Immediately following the image and text, respondents received 14 items that could be used to assess this evaluative penalty for darker skin; these items are listed in the boxes below. The first 11 items could be used to measure whether, compared to respondents in one of the conditions, respondents in the other condition completed more word fragments with words associated with negative stereotypes, such as LAZY or CRIME.

Please complete the following word fragments.
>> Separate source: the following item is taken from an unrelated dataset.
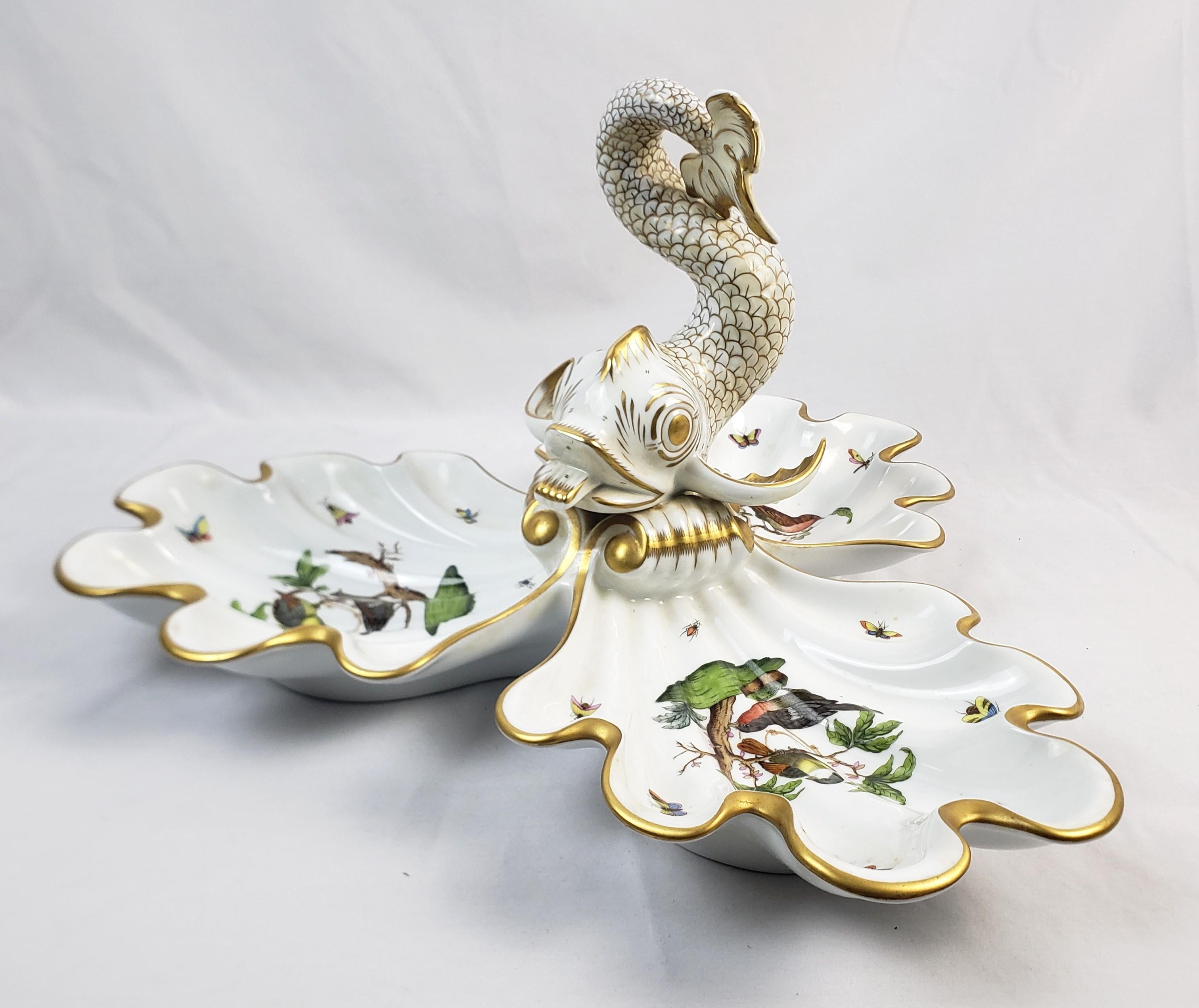 Hungarian Large Vintage Herend Porcelain Rothschild Bird Pattern Centerpiece with Coy Fish For Sale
Make sure to type out the entire word.
1. L A _ _
2. C R _ _ _
3. _ _ O R
4. R _ _
5. W E L _ _ _ _
6. _ _ C E
7. D _ _ _ Y
8. B R _ _ _ _ _
9. _ _ A C K
10. M I _ _ _ _ _ _
11. D R _ _
How competent is Barrack Obama?
1. Very competent
2. Somewhat competent
3. Neither competent nor incompetent
4. Somewhat incompetent
5. Very incompetent
How trustworthy is Barrack Obama?
1. Very trustworthy
2. Somewhat trustworthy
3. Neither trustworthy nor untrustworthy
4. Somewhat untrustworthy
5. Very untrustworthy
On a scale from 0 (coldest) to 100 (warmest) how do you feel about Barack Obama?

The three bolded items above are the only three items for which results were reported on in the article (items 1, 3, and 7) and in the corresponding Monkey Cage post. In other words, the researchers selected 3 of 14 items to assess the evaluative penalty for darker skin. [Update: Footnote 16 in the article reported results for the combination of lazy, black, poor, welfare, crime, and dirty (p=0.078).]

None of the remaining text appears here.